Вот она – главная моя проблема. Пока я не отвечу на этот вопрос, вина никуда не исчезнет.

Мне вынесли предупреждение, но не наказали, и отправили обратно в класс. Только меня это не радовало. В глубине души я хотела понести наказание, заплатить за то, что сделала.

На уроке латыни мне пришло еще одно предупреждение. Свернутая втрое записка от Салли Снайдерс передавалась от парты к парте, пока не добралась до меня.

«НЕ ДУМАЙ, ЧТО ЭТО КОНЕЦ».

Я и не думала.

Прошло двадцать лет, а все по-прежнему.

Глава 55

Из тюрьмы Мэтти звонил регулярно, не то что из Ирландии. Возвращаясь из школы, я заставала маму на диване в одной и той же сгорбленной позе. Трубка лежала у нее на коленях, как мертвый щенок. Чаще всего в руке у нее был бокал с вином, а по столу разбросаны пузырчатые упаковки от таблеток.

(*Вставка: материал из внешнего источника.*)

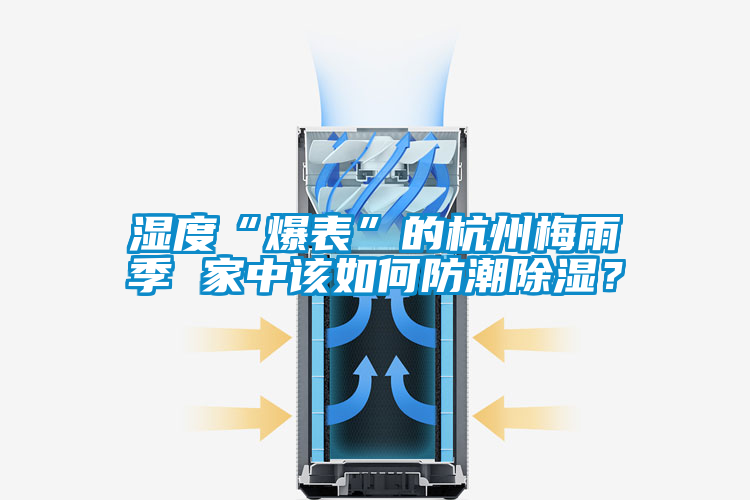 濕度“爆表”的杭州梅雨季 家中該如何防潮除濕？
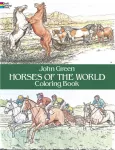KNYGA John Horses of the World Colouring Book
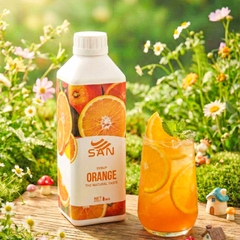 SYRUP CAM VÀNG Chai 1Kg - Tặng công thức & hướng dẫn pha chế - Hương Cam, Màu Sắc Nổi Bật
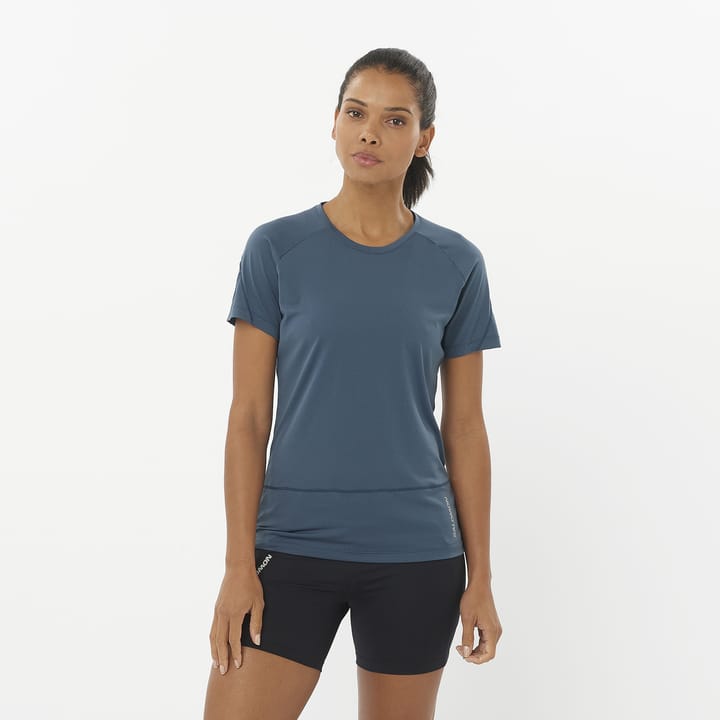 Salomon Women's Cross Run Tee Midnight Navy Salomon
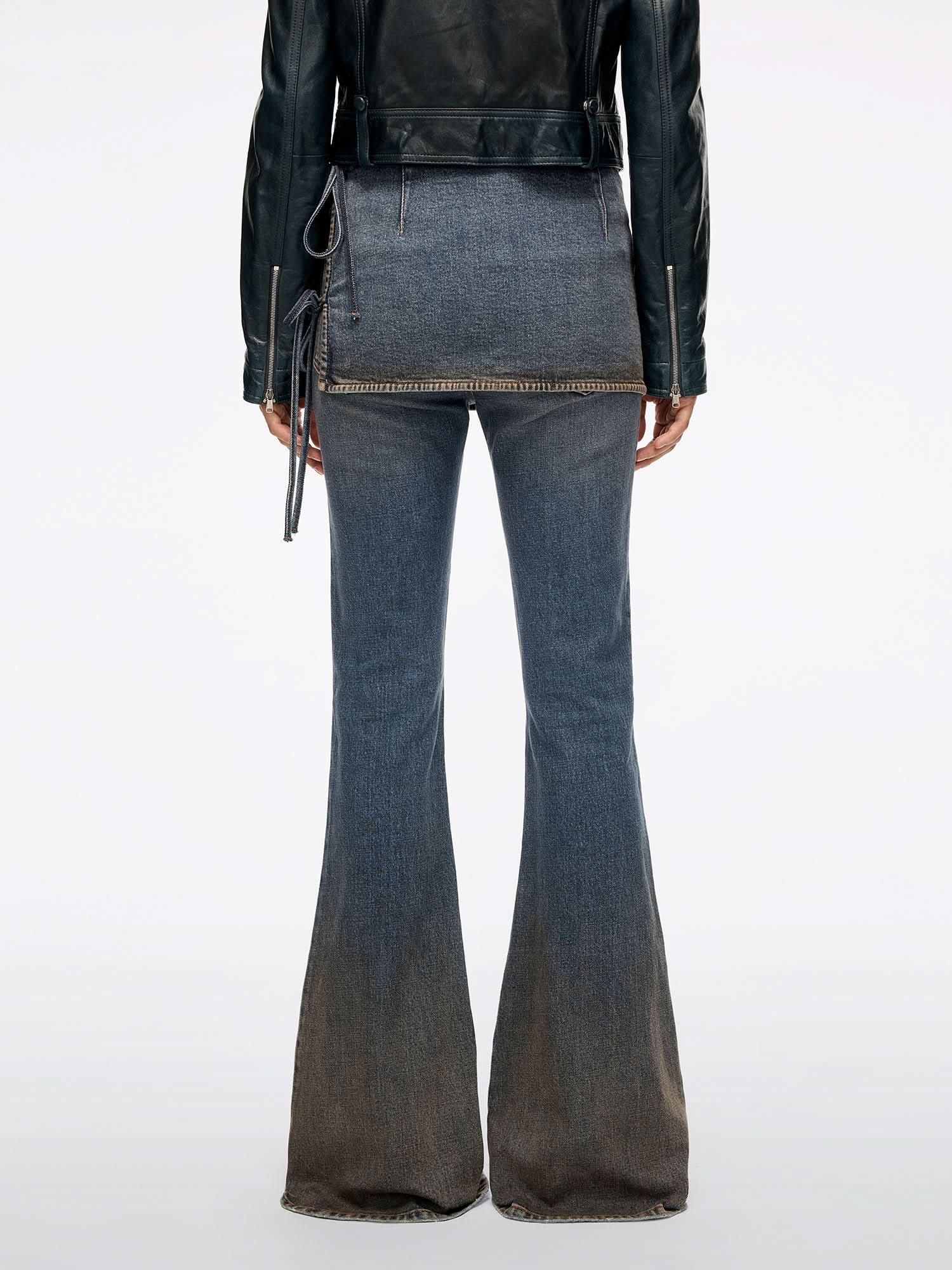 Layered Flared Jeans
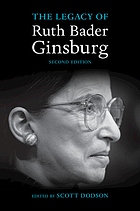 book cover for The legacy of Ruth Bader Ginsburg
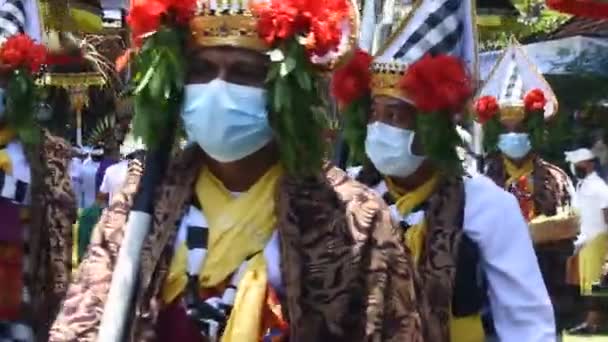 Balinese Hindoe Crematie Ceremonie Ngaben Van Een Lid Van Koninklijke — Stockvideo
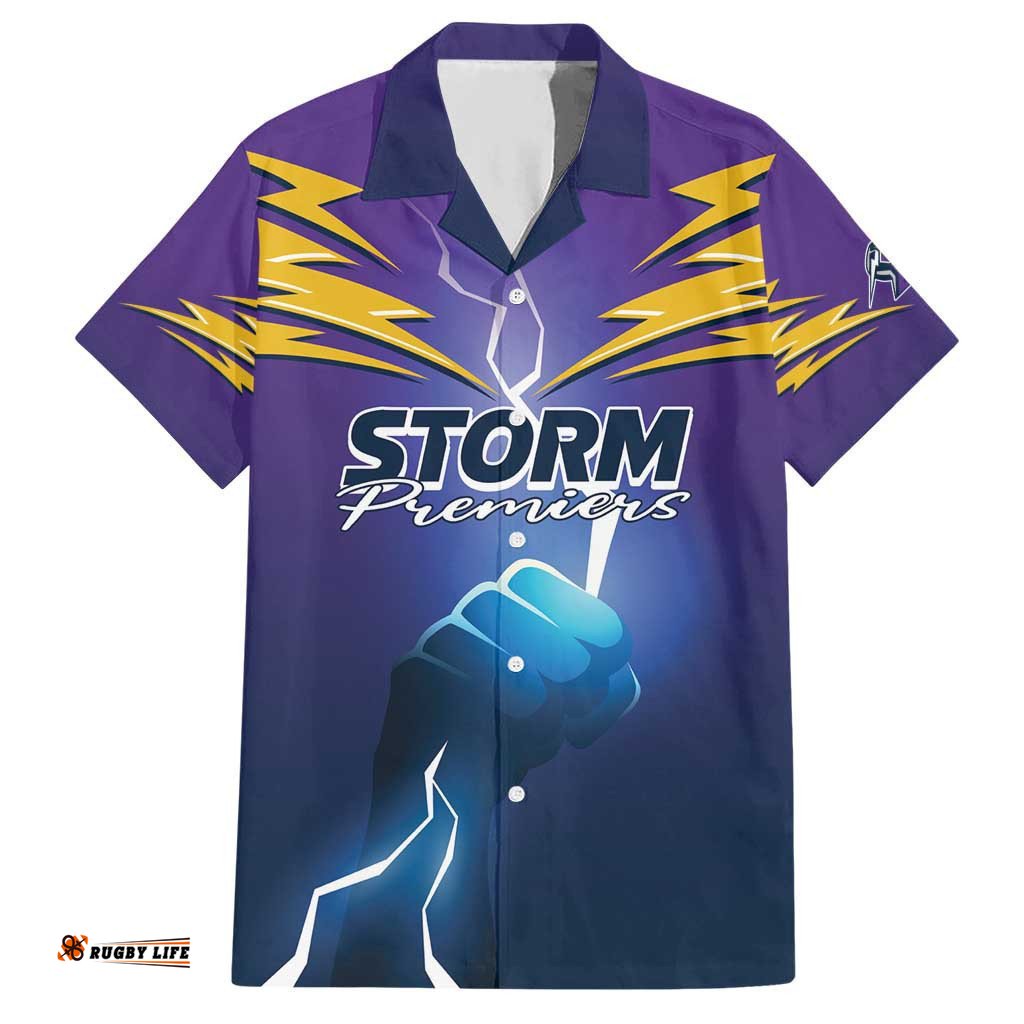 Storm Premiers Custom Hawaiian Shirt Thunder Catcher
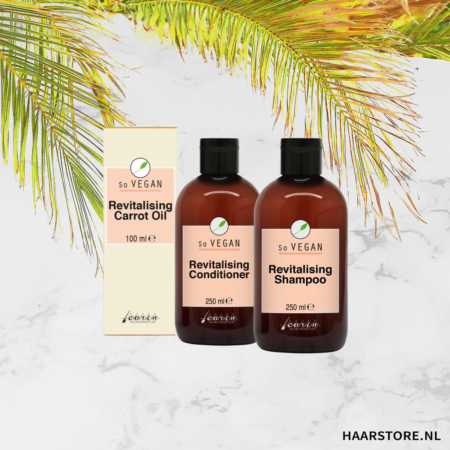 So Vegan Set Shampoo + Conditioner + Haarolie Revitalising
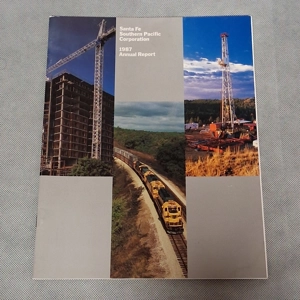 1987 Santa Fe Industries Annual Report Santa Fe Railway Railroad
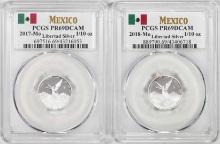 Lot of 2017-2018-Mo Mexico Proof 1/10 oz Silver Libertad Coins PCGS PR69DCAM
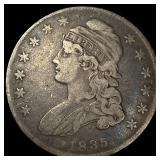 1835 Capped Bust Half Dollar LIGHTLY CIRCULATED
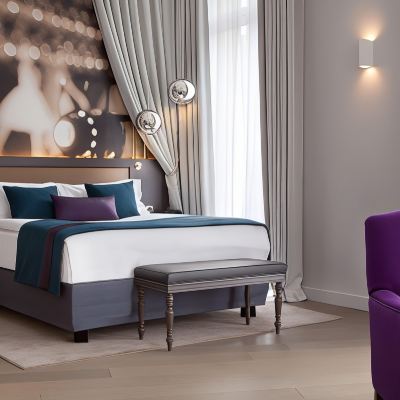 小型套房，配備 1 張大床和 1 張梳化床 巴黎英迪格酒店 - 歌劇院優惠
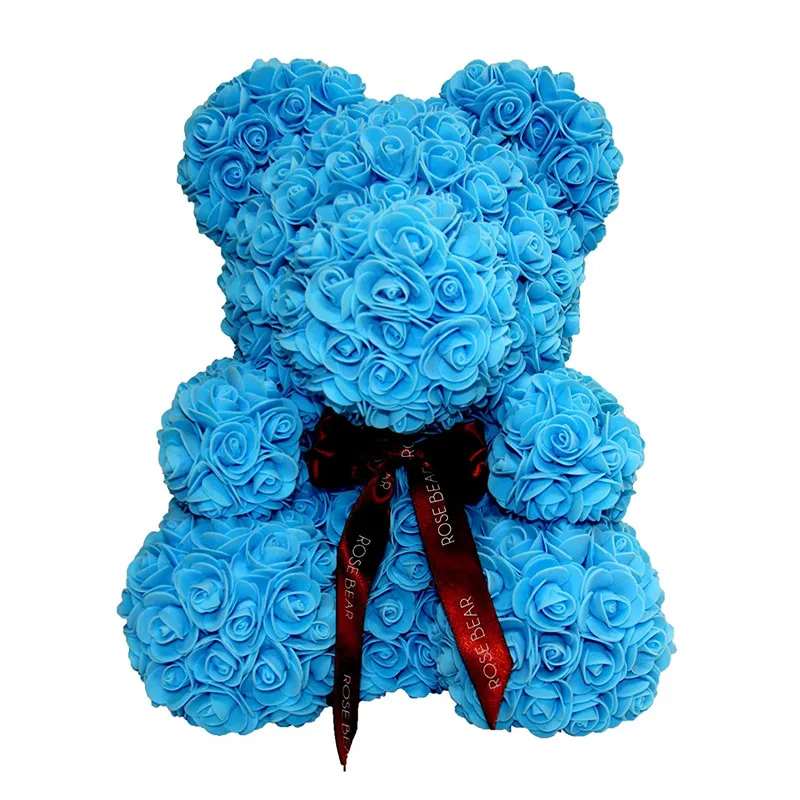 stuffed rose bear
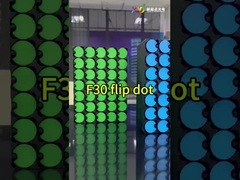 15mm 8x8 Μηχανική οθόνη Flip Dot Διαδραστική οθόνη Flip Billboard Retailer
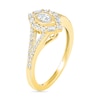 Thumbnail Image 5 of 0.69 CT. T.W. Multi-Shape Diamond Chevron Split Shank Bridal Set in 10K Gold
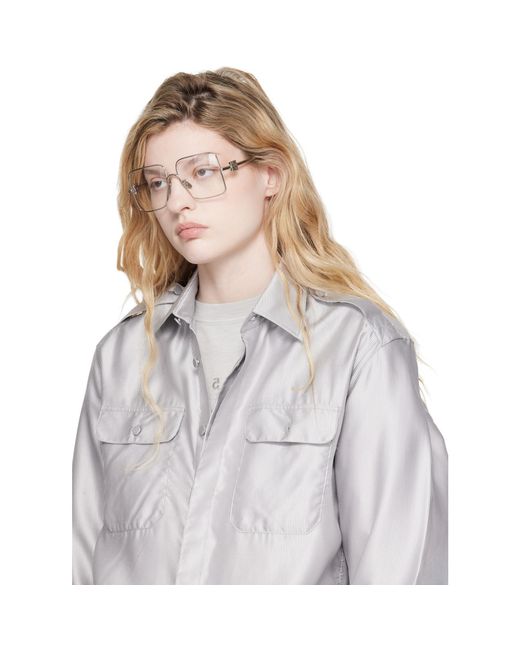 Loewe Black Oversize Square Retro Titanium Glasses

До меня не сразу дошло, что к чему. Телефон. Таблетки. Красные глаза.

Меня больше волновало, почему мама дома, а не на работе. Она уже много лет не освобождалась раньше меня.

Бабушка говорила, что я – ребенок с ключом на шее.

– Плохо это, Амелия-Роуз. Ничего путного из нее не выйдет, если тебя не будет рядом. Скользкая дорожка. Помнишь, что случилось с…

Если кто-то и шел по скользкой дорожке, так это мама, хотя бабушка этого не знала. Мама уже много лет почти ничего ей не рассказывала. И ее сложно винить. Будь бабушка моей мамой, я бы с ней тоже особо не делилась.

Вечер вторника проходил как обычно. Я бросила школьный рюкзак у двери. Мама сидела на своем привычном месте, не сводя глаз с бокала вина.

– Знаешь, это не хрустальный шар для гадания.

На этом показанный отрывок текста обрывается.